Apr 072016


Mike Little

At my first session (New Year’s Day) with Mike Little’s dotty artist wife, Trish, she draws me on her iPad, all the while chattering incomprehensibly about Saussure’s signs and referents and abstraction. Then she projects the drawings onto my body, and Mike photographs me. Meanwhile Bel, in fly-on-the-wall mode, is getting material for a movie about Trish’s work. Creative collaboration, or what?
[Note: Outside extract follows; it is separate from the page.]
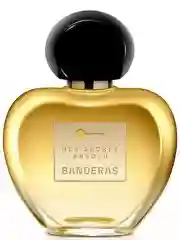 Antonio Banderas Her Secret Absolu парфюмерная вода женская 50 мл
1st January. Bel is let off lessons. The new year begins with us slobbing in bed, drinking Columbian coffee, reading.
    ‘He’s definitely after you.’ Bel tosses aside a note.
    ‘Oh – is that my note from Cyril?’
    ‘You left it in this book he gave you. Do you like being considered his “muse”?’
    ‘God, no. I hate how he puts me in that role, being so over-complimentary and acquiescent and submissive with me.’
    ‘Told you he’s into submission.’
    ‘Yes, I know.’
    ‘Proper BDSM scene. Collars and chains.’ She is looking at me a bit sternly. ‘Does that give you “writing ideas”? That why you want to do more shoots with him?’
    Sigh. ‘He pays me, Bel. That’s the main reason. And secondly, I have free rein to mess about with his mundane photos and turn them into fantastic images. I love that.’
    But Bel has stuck her head back into ‘Chinese Whispers’, the book her brother sent. Is she sulking?
    I grab back Cyril’s ‘The lives of the muses’ and open it at random:

Charis knew that Weston had a horror of female competition, therefore never touched a camera herself. …a swooning acolyte who fell at Weston’s feet… united with him in a common purpose – his life’s work as a photographer…’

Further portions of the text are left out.